Nothing seemed real except the ten years with Antonapoulos.
In his half-dreams he saw his friend very vividly, and when he awakened a great aching loneliness would be in him.
Occasionally he would pack up a box for Antonapoulos, but he never received any reply. And so the months passed hi this empty, dreaming way.
In the spring a change came over Singer. He could not sleep and his body was very restless. At evening he would walk monotonously around the room, unable to work off a new feeling of energy. If he rested at all it was only during a few hours before dawn--then he would drop bluntly into a sleep that lasted until the morning light struck suddenly beneath his opening eyelids like a scimitar.
He began spending his evenings walking around the town. He could no longer stand the rooms where Antonapoulos had lived, and he rented a place in a shambling boarding-house not far from the center of the town.

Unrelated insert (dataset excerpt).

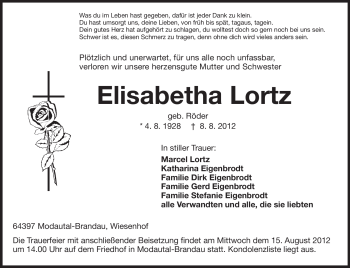 Traueranzeige von Elisabetha Lortz von Echo-Zeitungen (Gesamtausgabe)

He ate his meals at a restaurant only two blocks away. This restaurant was at the very end of the long main street and the name of the place was the New York Cafe. The first day he glanced over the menu quickly and wrote a short note and handed it to the proprietor.
Each morning for breakfast I want an egg, toast, and coffee--$0.15
For lunch I want soup (any kind), a meat sandwich, and milk --$0.25
Please bring me at dinner three vegetables (any kind but cabbage), fish or meat, and a glass of beer--$0.35
Thank you.
The proprietor read the note and gave him an alert, tactful glance. He was a hard man of middle height, with a beard so dark and heavy that the lower part of his face looked as though it were molded of iron. He usually stood in the corner by the cash register, his arms folded over his chest, quietly observing all that went on around him. Singer came to know this man’s face very well, for he ate at one of his tables three times a day.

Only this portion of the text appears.